In 2019 Canadian Broadcasting Corporation (CBC) news reported a massive data breach at the Desjardins Group, which is a Canadian financial service cooperative and the largest federation of credit unions in North America. The report indicated, a "malicious" employee copied sensitive personal information collected by Desjardins from their data warehouse. The data breach compromised the data of nearly 9.7 million Canadians.
Now the question is, how do we secure data warehouses so that employees of the same organization can't breach the data? We need to make sure sensitive data is protected inside the organization.
When any IT solution is built in an organization, there are two types of environment that exist, one is called non-production and the other is a production environment. Production and non-production environments are physically separated. A non-Production Environment means an environment for development, testing, or quality assurance, and the solution is not consumed by end-users daily basis from a non-production environment. However, the Production environment is a place where the latest version of the software or IT solution is available and ready to be used by the intended users.
As stated at the beginning, a rogue employee was involved in the massive data breach at the Desjardins Group. Hence; an organization building a data-driven IT solution needs to work on setting up both Production and Non-Production environments secure way. This article will describe how sensitive data can be protected in both the Production and Non-Production environments.
A. Protecting Sensitive Data in Non-Production Environment in a Data Warehouse:
In general, a Non-Production environment is not well guarded with security. Different personas can have access to a Non-Production environment in a data warehouse e.g. Developers, Testers, business stakeholders.
So it's important to protect sensitive data inside the organization. The very first thing we need to do is whenever copying data from any application to a data warehouse (non-production environment) sensitive data need to be scrambled.

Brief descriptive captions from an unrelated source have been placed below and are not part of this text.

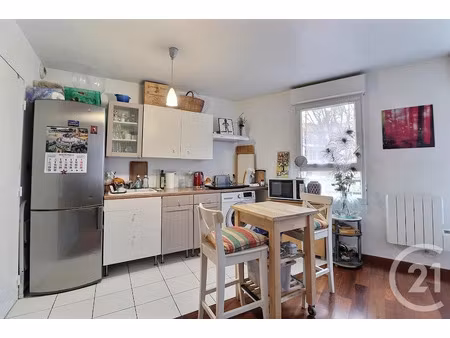 vente appartement 1 pièce 29 m² à les lilas (93260)  234 000 €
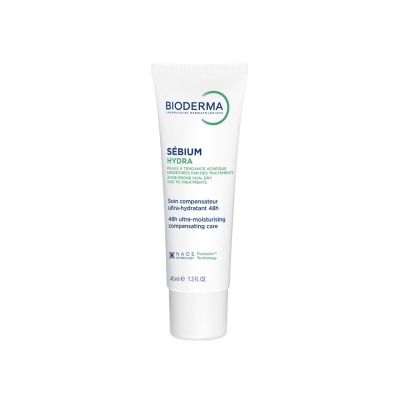 Bioderma Sébium Hydra krém
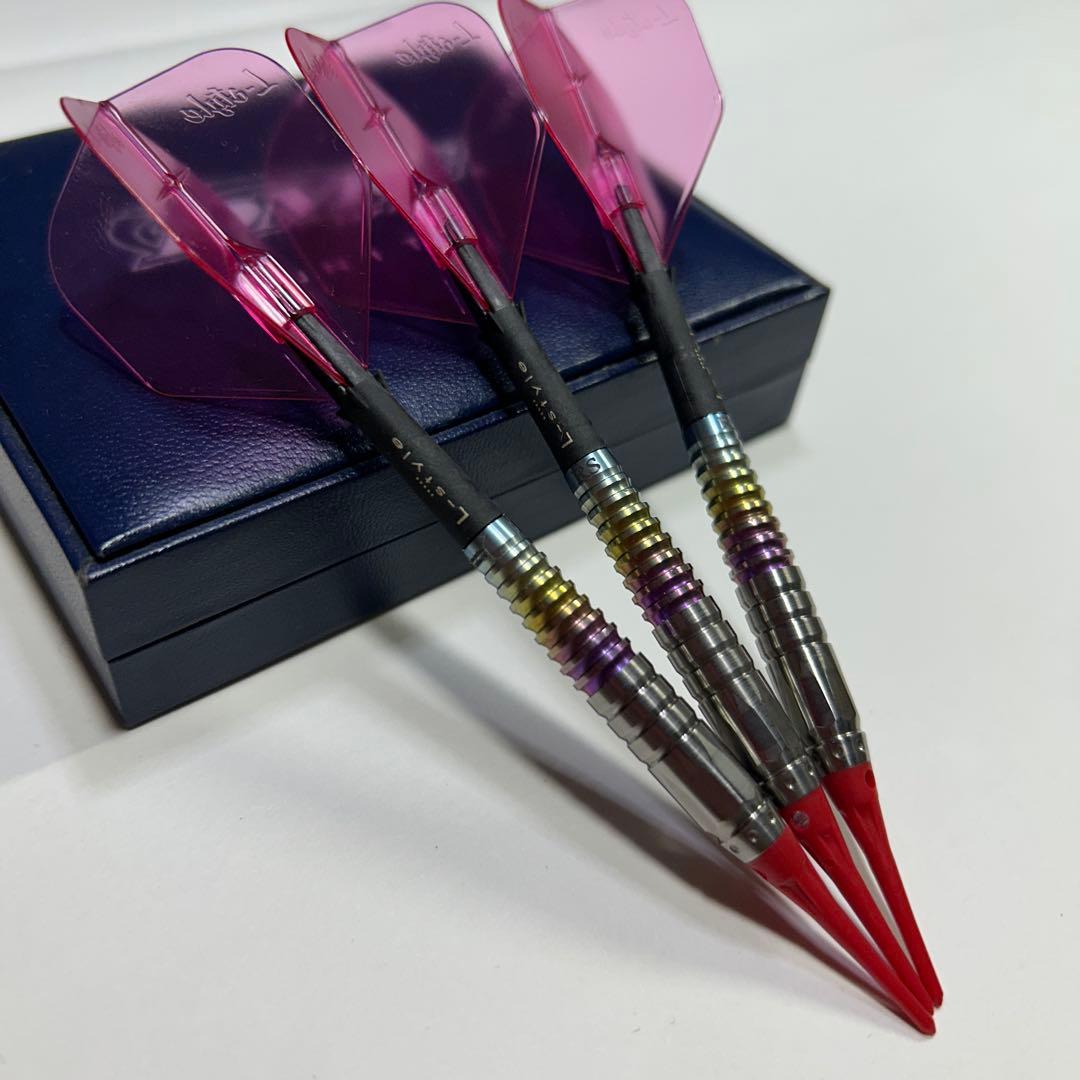 美品！Samurai Fusion RS セッティングセット！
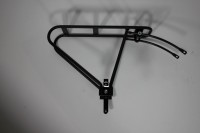 Gepäckträger 20"-24" verstellbar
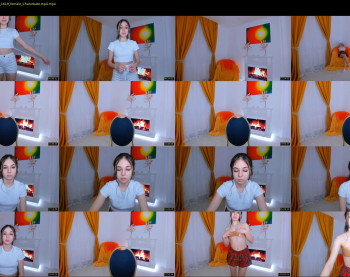 mary_marlow — 70 minute Chaturbate female cam show recording, 1080p, May 18, 2021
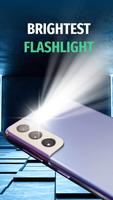 Flash Alert, Flashlight poster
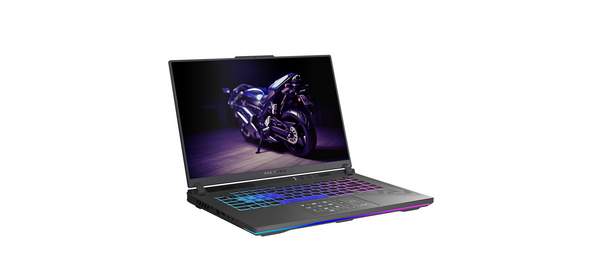 에이수스 2023 ROG 스트릭스 G16 코어i7 인텔 13세대 지포스 RTX 4060, Eclipse Gray, 1TB, 16GB, WIN11 Home, G614JV-N4038(정품) 1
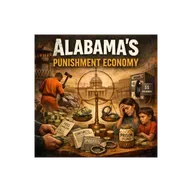 Alabama’s Punishment Economy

There are a few steps that can help us to scramble the data in Non-Production Environment in a Data Warehouse:
Step 1: Business or data steward find the list of sensitive or Personal Identifiable Information (PII) data
Step 2: Data Engineer or ETL Developer will use any standard tool like Azure Data Factory (ADF) to mask the data and store it in the data warehouse.
Step 3: Either Test Engineer or Business Stakeholder will verify all the sensitive columns in the database before it releases to the rest of the team.
B. Protecting Sensitive Data in Production Environment in a Data Warehouse:
In a Production environment, we can't scramble the data in such a way that is irreversible. We need to keep the original data intact but make sure only the intended users have access to the data. So if we can mask the columns that hold sensitive or PII data in such a way so that only privileged users get access to the data. Below figure shows what is expected from the solution:
As shown in Fig 2, when users try to access the data via an application such as Power BI, only intended users will be able to see the intact data. Non-intended users will find the data obfuscated. The above-explained process can be done by using dynamic data masking provided by Microsoft Databases. The process only masks the data on the fly at the query time. If you would like to learn about dynamic data masking, please follow the Microsoft document.
In Summary, whenever PII data is taken from the operational system to the Non-Production environment to build any analytics solution data need to be scrambled. And in a Production environment, though dynamic data masking can prevent viewing the data by unintended users, however; it's important to properly manage database permission on the Data Warehouse. As well as, make sure to have auditing enabled to track all activities taking place in the Data Warehouse in the Production environment.